*** Available data

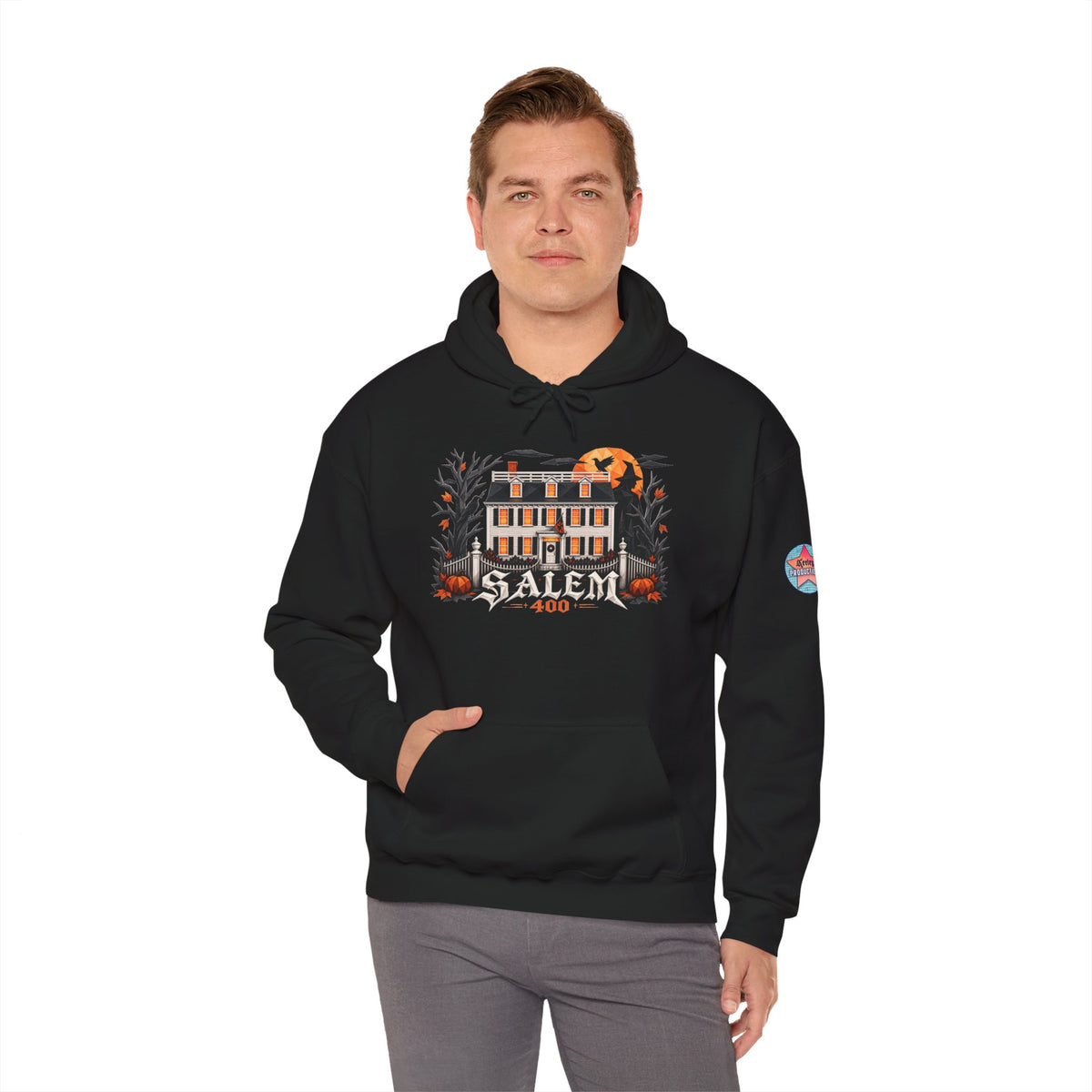 Salem 400 Ropes Mansion - Unisex Heavy Blend™ Hooded Sweatshirt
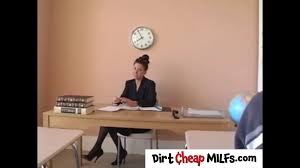 Selena Steele fucking in the desk with her hairy bush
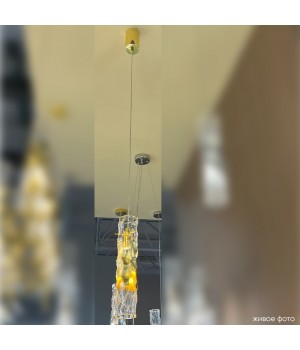 Светильник подвесной Crystal Lux PRIMAVERA SP1 GOLD-foto4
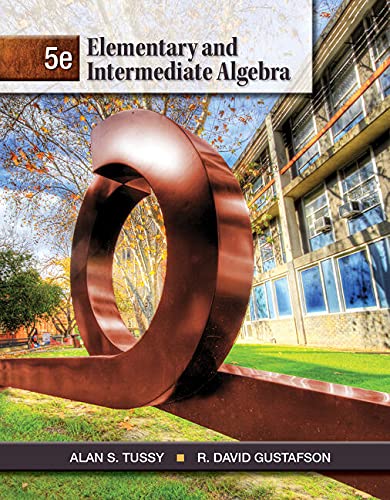 Student Solutions Manual for Tussy/Gustafson's Elementary and Intermediate Algebra, 5th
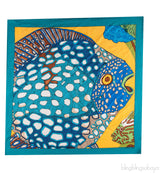Tropical Fish Print Scarf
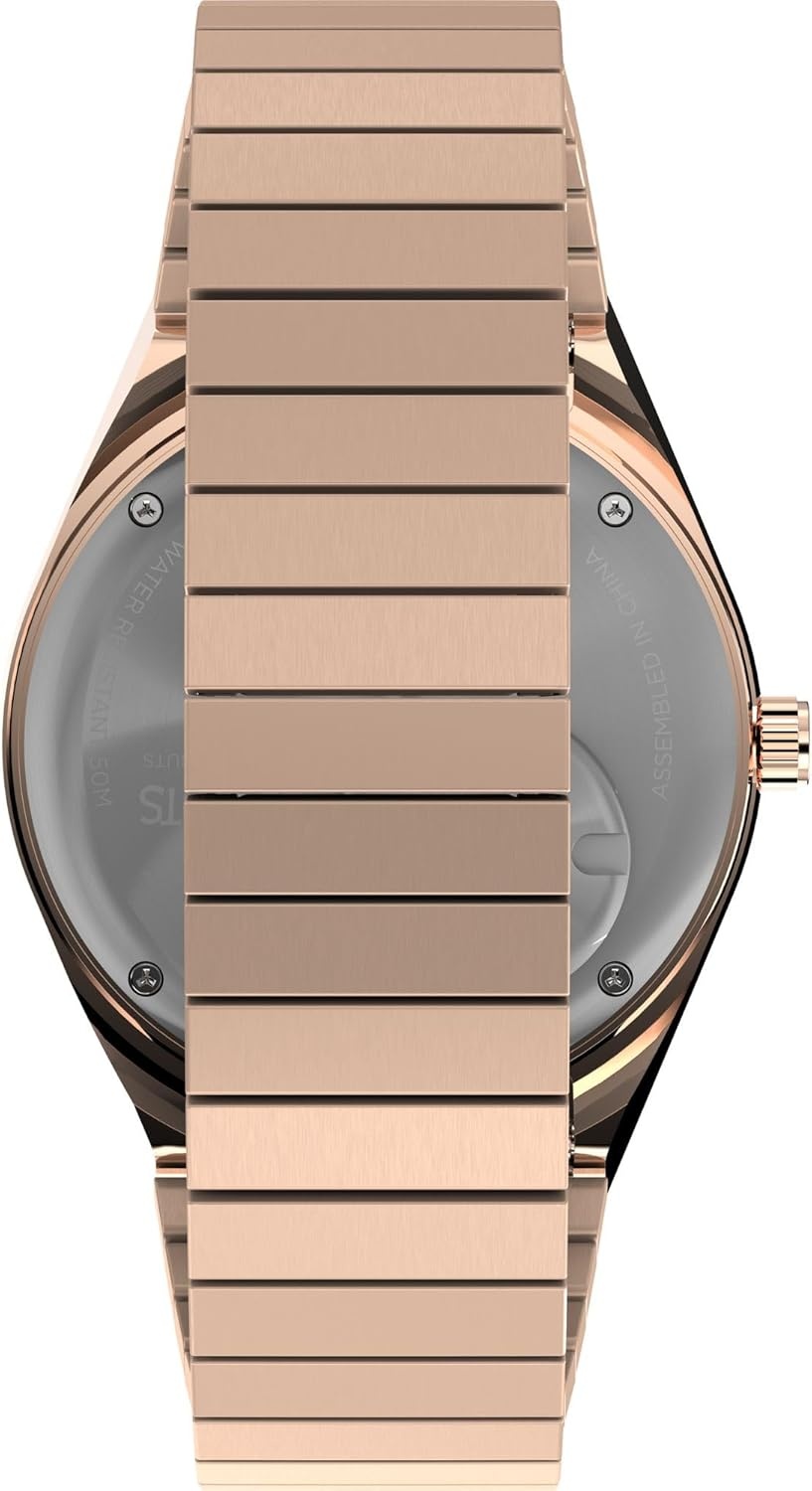 image:imageTimex Womens Peanuts Q 36mm Watch Rose GoldTone Expansion Band Pink Dial Rose GoldTone Case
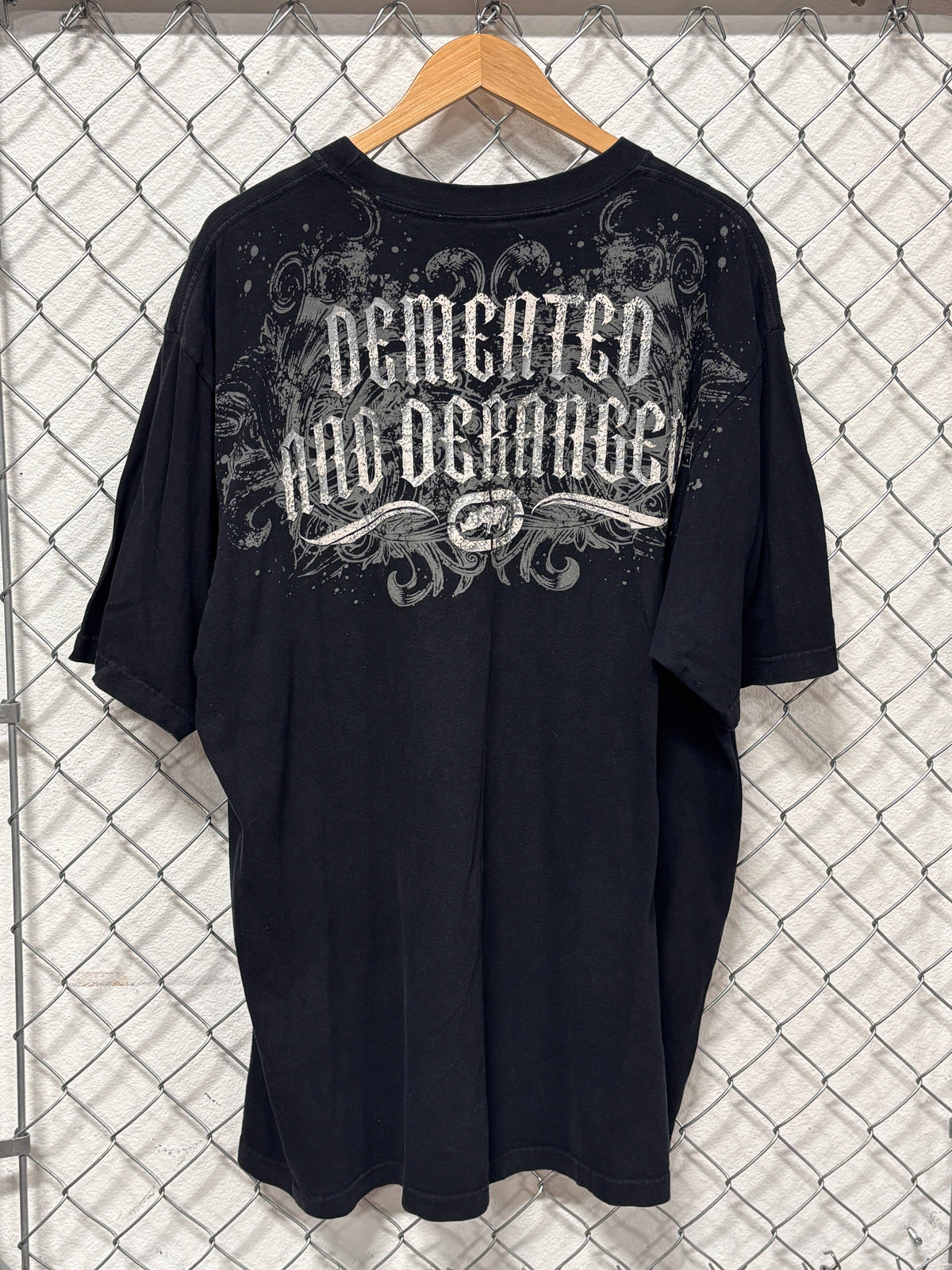 Y2K Ecko Unlimited Demented and Deranged Graphic Tee Size 3XL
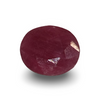 Natural Ruby | Oval Cut Red Gemstone | IGC Certified No.: IGCDKBAJ44824 image 0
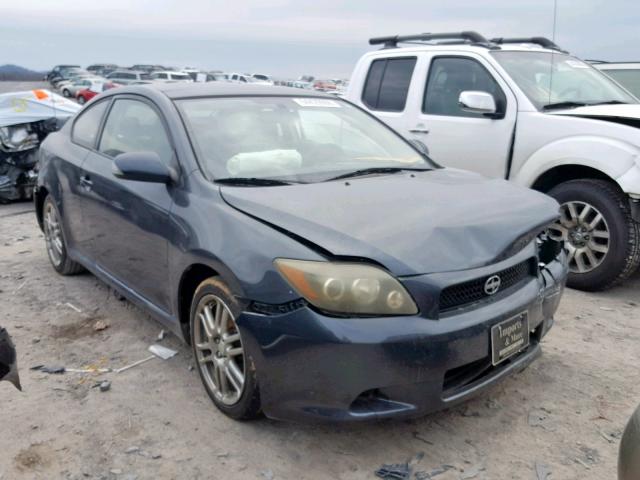 JTKDE167X80235815 - 2008 TOYOTA SCION TC ლურჯი ფოტო 1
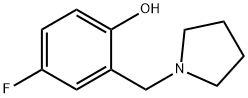 Phenol, 4-fluoro-2-(1-pyrrolidinylmethyl)-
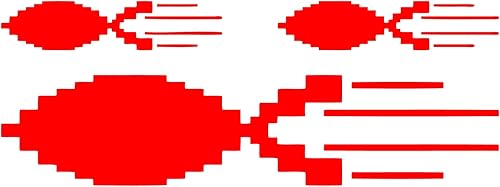 Bombs Pixel - 5 Inch Red Vinyl Decal for Car Window, Exterior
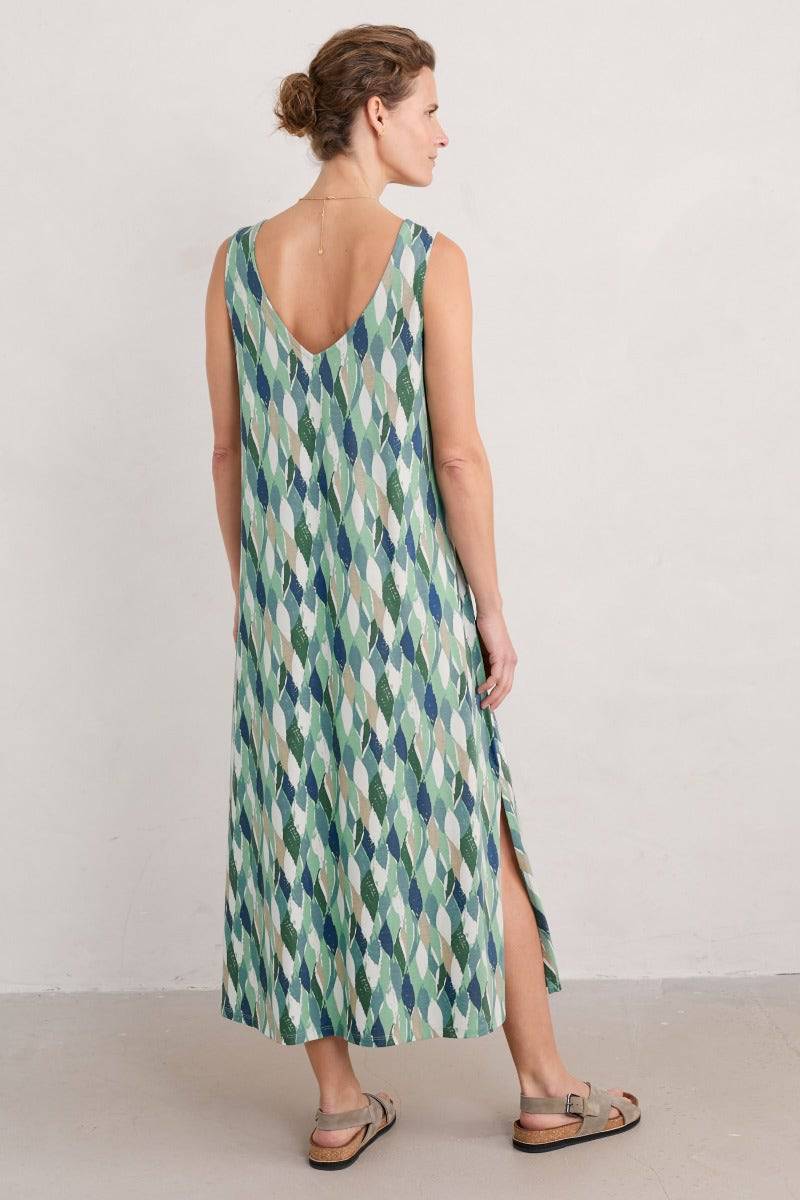 Seasalt Rosa Dress Water Leaves Bird Egg-elevate your sole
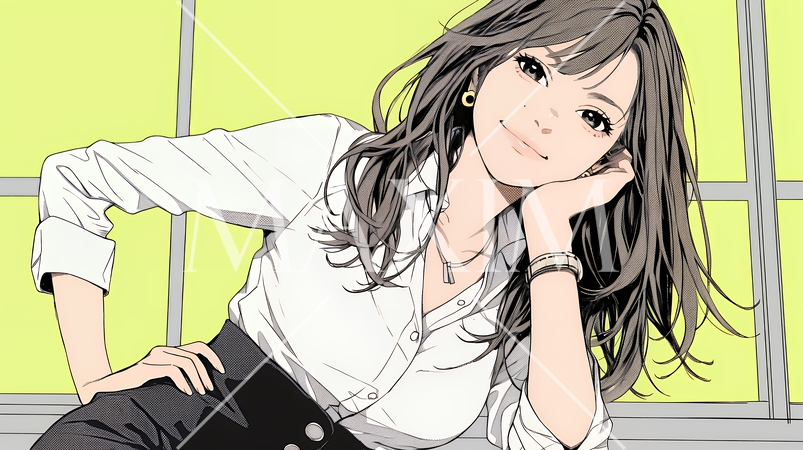 得意げな表情を浮かべている若い女性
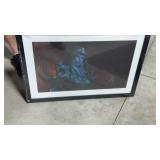 Framed and matted World of Warcraft approximately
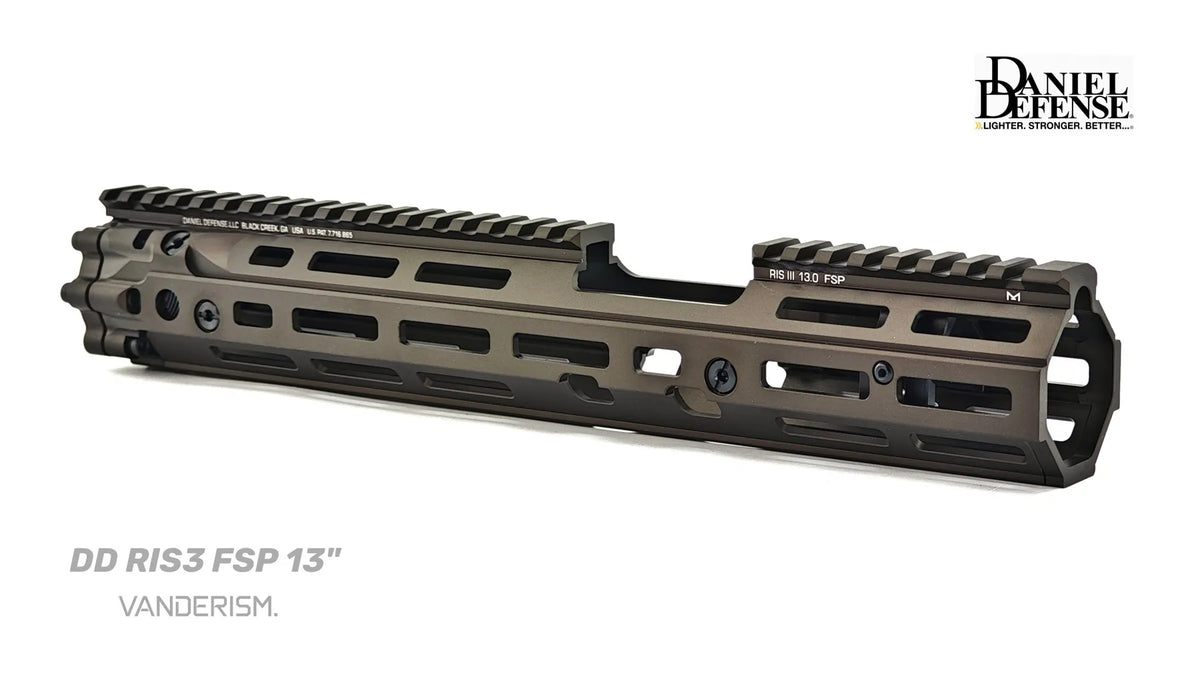 DD MK18 RIS3 FSP Metal Handguards | Gel Blaster WGG WGB Airsoft (Pre-Order 50 Hari)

******

Task requirements » From the first line to the last, repeat the material exactly, but drop the pictures.

Your solution »
 Salem 400 Ropes Mansion - Unisex Heavy Blend™ Hooded Sweatshirt
 Selena Steele fucking in the desk with her hairy bush
 Светильник подвесной Crystal Lux PRIMAVERA SP1 GOLD-foto4
 Student Solutions Manual for Tussy/Gustafson's Elementary and Intermediate Algebra, 5th
Tropical Fish Print Scarf
 image:imageTimex Womens Peanuts Q 36mm Watch Rose GoldTone Expansion Band Pink Dial Rose GoldTone Case
 Y2K Ecko Unlimited Demented and Deranged Graphic Tee Size 3XL
 Natural Ruby | Oval Cut Red Gemstone | IGC Certified No.: IGCDKBAJ44824 image 0
 JTKDE167X80235815 - 2008 TOYOTA SCION TC ლურჯი ფოტო 1
 Phenol, 4-fluoro-2-(1-pyrrolidinylmethyl)-
 Bombs Pixel - 5 Inch Red Vinyl Decal for Car Window, Exterior
 Seasalt Rosa Dress Water Leaves Bird Egg-elevate your sole
 得意げな表情を浮かべている若い女性
 Framed and matted World of Warcraft approximately
 DD MK18 RIS3 FSP Metal Handguards | Gel Blaster WGG WGB Airsoft (Pre-Order 50 Hari)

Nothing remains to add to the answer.